Dennis Kucinich and five other Congressmen are again pushing for a windfall profits tax with teeth. Or maybe it's just a convenient way to extort campaign contributions from the oil-and-gas industry. Either way, they have recently sponsored a bill to Congress called the "Gas Price Spike Act of 2012." It is the old theme that politicians know the correct prices, how much profit a company should earn, what kind of cars that people should drive, and how we should get to work and the grocery store. The right price, however, cannot be known by any politician. Even a trainload of brilliant, highly trained economists with the most powerful computers could not know what the right price is. Prices arise from the day-to-day interactions of all participants in a free market, which is itself a dynamic, constantly evolving discovery process.
It is worthwhile thinking about why prices may spike. It typically happens after a major catastrophe, like when a hurricane knocks out 30 percent of the refining capacity for petroleum products or a weather event destroys a major portion of a crop. In a market free of coercion by any participant or the government, the prices convey important messages and help to direct the scarce commodity to the activity for which it is valued the most. One of the most fundamental economic principles is the relationship between the supply and demand for a product and its price. A higher quantity demanded leads to a higher price. Shortages also lead to higher prices. This is neither bad nor good, it just is. It is the nature of voluntary exchange systems which we call markets.
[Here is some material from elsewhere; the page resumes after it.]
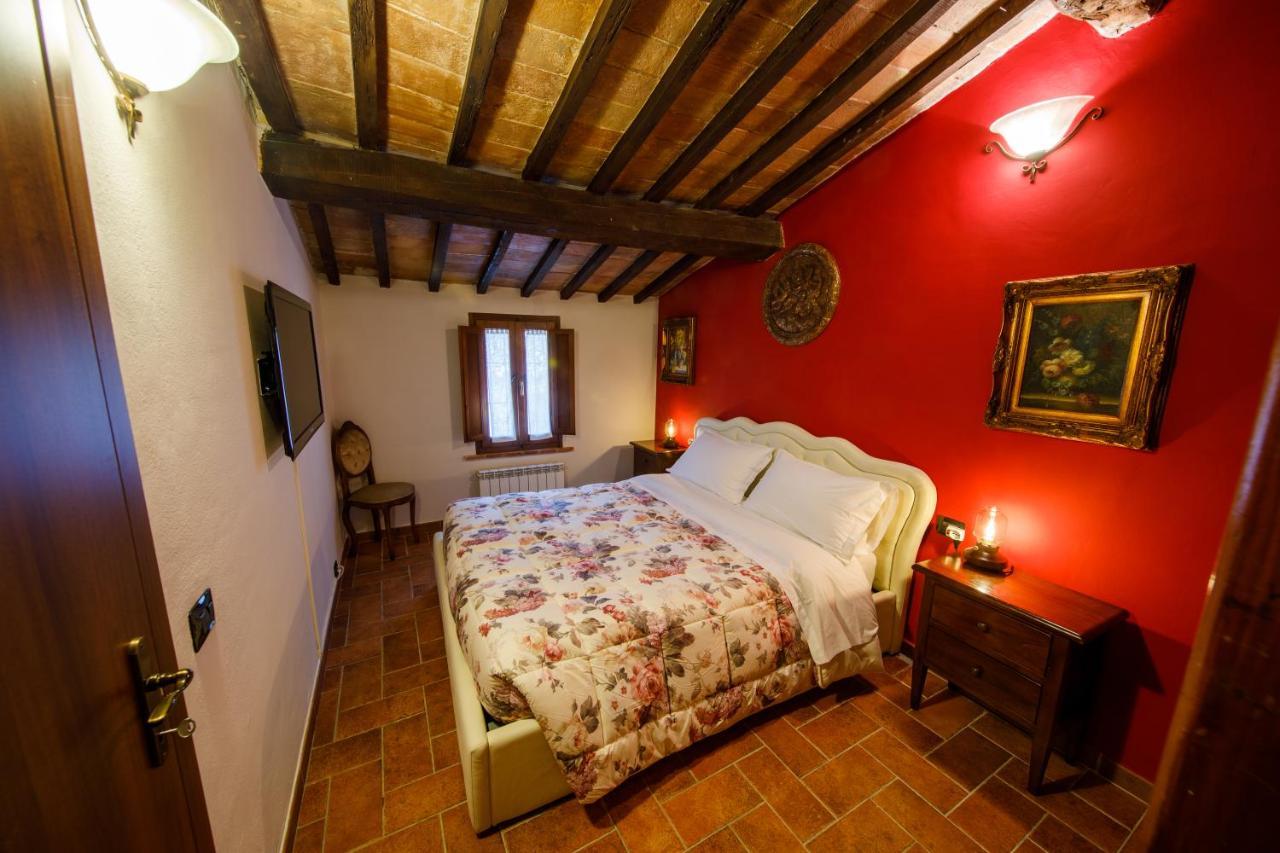 Bed & Breakfast Zocco San Martino In Campo ภายนอก รูปภาพ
High prices tend to encourage more efficient usage and discourage waste. In the case of energy, trips to town may be consolidated and vacation plans may be altered. In the longer term, more efficient vehicles, factories and equipment are developed and put into use, which reduce energy consumption in the long run. High prices cause the quantity which consumers demand, that is, the amount which they are actually willing and able to pay at any point in time, to decrease, which tends to moderate prices.
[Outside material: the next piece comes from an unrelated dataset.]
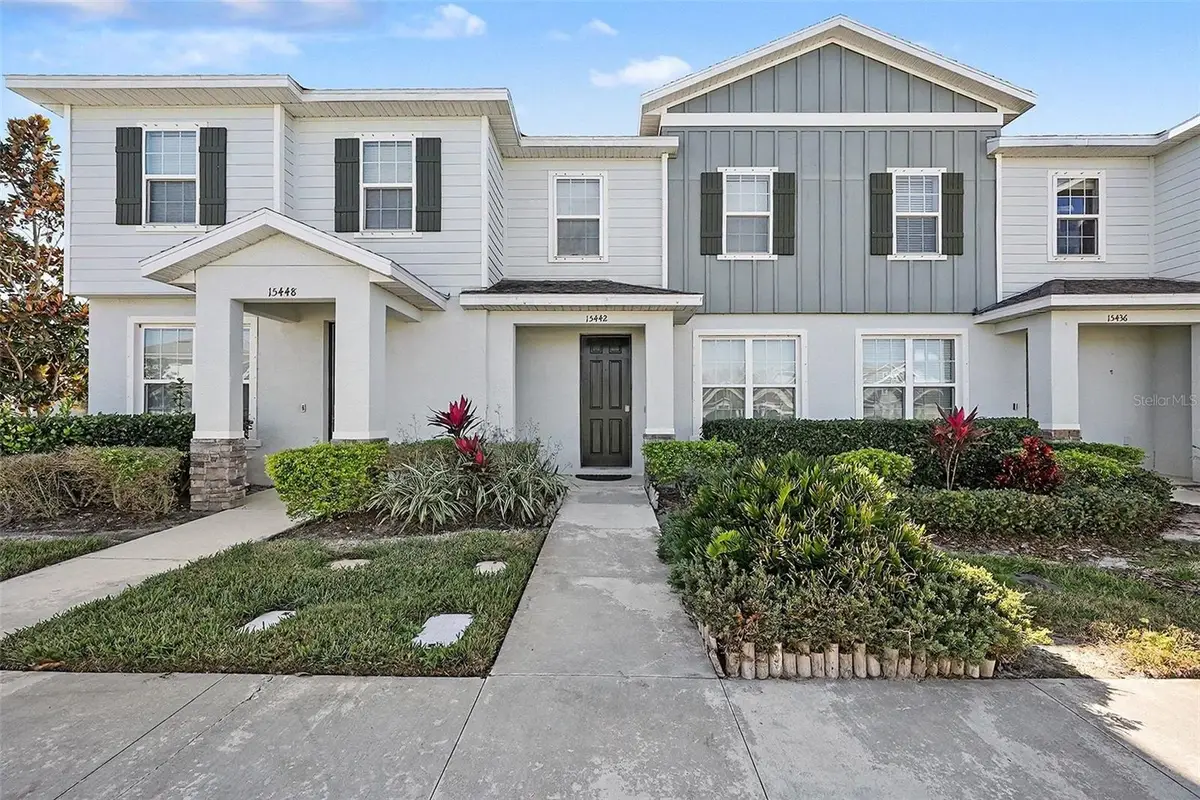 15442 Caravan Avenue, Odessa, FL 33556 - Image #1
What do we want in the wake of a shortage and price spike caused by destruction of productive assets? What do we want in the event of a blockade of major oil supplies in the Middle East? The inevitable result of a sudden shortage is a spike in price, and we ultimately want prices to return to normal as quickly as possible. More important to economic reality is that high prices tend to increase the profits of suppliers who are fortunate enough to be in a position to supply the product. This is not good or bad, it is a part of the reality of voluntary trade.
Profits are the mechanism by which the market determines how much will be supplied. Since suppliers are just members of the human race, they will try to take advantage of opportunities which arise. In times of high prices, they will try to increase their profits by finding more to sell, and those profits will draw others into the market. Ultimately, in a free market setting, the supply will increase and prices will decline. The low energy prices of the 1990s were the result of high prices of the 70s and 80s. The high prices of the 2000s have resulted in tremendous energy finds all over the world, but especially here in North America. They will result in lower prices in the coming decade, if politicians quit trying to help us to death.
Those politicians say that they want to lower prices to help the poor working stiffs, the helpless babies, the cuddly little puppies, and all of the warm, fuzzy, wonderful things that politicians promote. What, however, have they actually done, and what are the inevitable results? They say they want business to build in the U.S., then they demonize the people who earn profits. They try to steal those profits outright with taxes of up to 100 percent. They prevent, delay, and increase the costs for any development of energy in America while promoting and financing foreign development. Most recently, President Obama rejected the Keystone XL pipeline proposal, thus rejecting the supply of millions of barrels of petroleum from Canada. Our politicians don't know how to fix markets. All they know is how to break them. We need to get rid of arrogant politicians (and their economic advisors) who think they know how to run our lives.